El capitalismo necesita crecer y
en este crecimiento cimienta su contradicción: mientras crece devasta, si no lo
hace se hunde. La devastación no la hemos visto porque se produce lejos, pero
se produce. El planeta no tiene capacidad permanente para procurarnos cada día
más recursos, pero se lo hemos exigido. En su loca huida los que tienen voz
insisten en encarrilar de nuevo ese tren, que tan ingentes beneficios les ha
producido, para que se desplace sobre la vía por la que transitaba, feliz e
inconsciente, dos años atrás. Pero no se volverán, en España, a construir
800.000 viviendas por año, simplemente no hacen falta. No se volverán a vender
más de millón y medio de coches por año. Hemos entrado en crisis por una puerta
y hay que buscar la salida por otra.
El moribundo mejora, dicen, justo
antes de expirar. Podremos ver esa mejoría, hipotéticas salidas de la crisis,
brotes verdes. No durarán y volveremos a las andadas. Será como construir una vivienda en el cauce
de un río seco, enfrentarse a la naturaleza no es nunca una sabia decisión.

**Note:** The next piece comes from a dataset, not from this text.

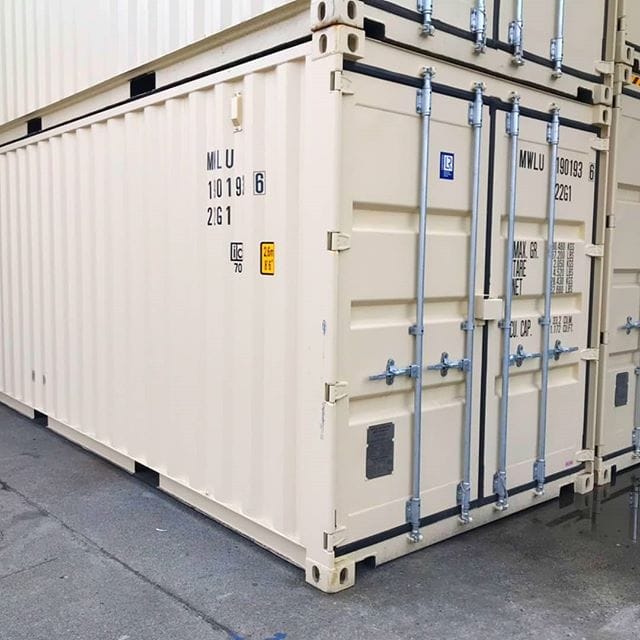 久しぶりに入荷しました。限定色、やわらい色合いのアイボリーです。新品コンテナになります。数に限りが御座います。自社ユニック車で全国へお運びいたします(^^) (Instagram)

No entiendan esta reflexión como
apocalíptica, al revés. Es la ilusión la que me guía, la consciencia de que es
posible una rebelión cívica en la que converjan sectores políticos y sociales
que se plantee alternativas, que busque alternativas económicas que sean
capaces de producir menos pero repartir mejor y procurar más seguridad. He
tenido la oportunidad de hablar con mucha gente que cuando volvían de zonas del
planeta sumidas en la pobreza decían que se extrañaban al ver a sus habitantes
felices con tan poco. A mí, lo que me sorprende, es como en lo que denominamos
mundo desarrollado somos tan infelices con tanto.
Con Sebastián muerto y el pueblo
esperando su regreso triunfal, algunos quisieron suplantar al rey. Hasta
nuestros días ha llegado la historia de uno de los impostores, Gabriel de
Espinosa, el pastelero de Madrigal. El capitalismo morirá ahogado en sus
miserias pero lo que venga después no tiene por qué ser mejor.